My Jewish hero is a feminist, a socialist and an activist – a woman for whom the word tireless might have been invented.

But before reading Rachel Holmes’ biography of Eleanor Marx as part of our book club at Kingston Liberal Synagogue, I did not even know that the third and most-beloved daughter of Karl Marx and Jenny von Westphalen even existed.

Eleanor was integral to the social democratic movement of the late 19th century and the early days of the Labour Party.

Without her, so many things we take for granted would have taken much longer to come about. We can thank her and her contemporaries for the eight-hour working day, outlawing of child labour, access to equal education, freedom of expression, trade unions, universal suffrage and democratically selected parliamentary representation, regardless of class, religion, gender or ethnicity.

She organised, wrote, authored, essayed, researched, fundraised, lectured, taught, tutored, translated, acted, produced, befriended, promoted, led, supported, critiqued, spoke, rallied and founded.

Yet it’s not just in social action that she excelled.
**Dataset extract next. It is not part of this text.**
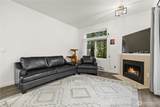 21920 42nd Avenue - Photo 9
Without her, our appreciation of Ibsen, for which she taught herself Norwegian to translate his work, would have been delayed.

The same is true of the introduction of Madame Bovary to the English-speaking world – she was the first to translate Flaubert’s seminal novel. She and her parents helped to foster the revival of Shakespeare.

Although not a practising Jew, she took pride in her Jewish antecedents, posthumously conferring Jewish identity on her father and speaking out against anti-Semitism and the persecution of working-class Jews in London’s East End.

Discovering Eleanor Marx reassured me that the campaigning, writing and activism I have been doing for the past two years is the right path for me to be following.